Build / review preflight

The P1/P2 failure modes to root out before a PR exists — distilled from a retrospective over ~350 external code-review findings (≈68 P1, 115 P2, 167 P3) across several build and spec waves, in a workflow where one model builds and a second, independent model reviews every PR. Examples are sanitized to the abstract pattern; the CHECKs are the evergreen part.

The reviewer is token-gated to roughly one round per multi-hour window, so a P1/P2 that survives to review — or a new one a fix introduces in round 2 — costs a whole window. The goal is first-pass-clean.

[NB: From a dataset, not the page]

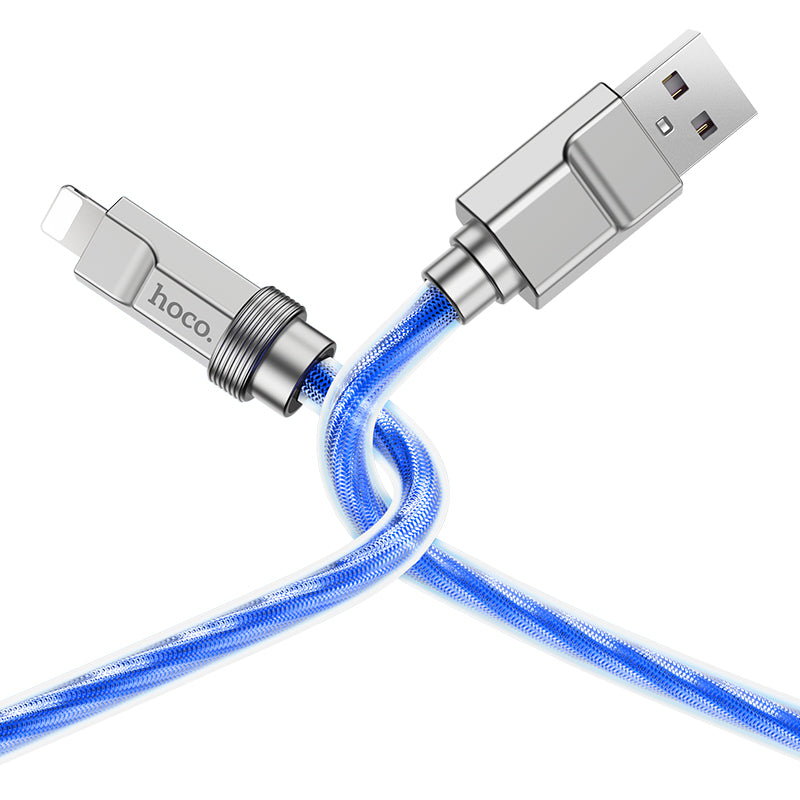 HOCO Solid silicone Fast charging data cable iPhone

~40% of all P1s are the same mistake: the spec/build asserts something about existing source — an API, a field, a line number, an env-var, a flag, a sibling spec, a precedent, an invariant — that it never opened the file to verify. Pattern-matching a plausible API from memory is the single biggest defect source.

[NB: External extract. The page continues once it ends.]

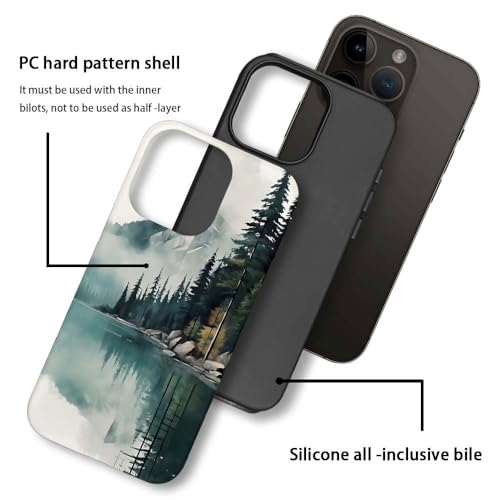 Coque iPhone 15 Pro antichoc douce rigide et coque téléphone hybride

The checklist (at a glance)

Reviewers run the full list against the diff. Builders carry only mode 1 — the one failure that is build-time-irreducible. For a validator / gate / linter / parser / config PR, weight the adversarial lens on mode 10 + the SHALLOW-CHECK trap.

  1. API-anchor drift — grep or open every symbol, field, API, env-var, flag, and sibling-spec before you cite it; if grep finds nothing, it does not exist. (~40% of all P1s.)
  2. Posture leaks — for a descriptive tool, ship no scalar or label that is one hand-edit from a threshold or that names the inference target; fail closed.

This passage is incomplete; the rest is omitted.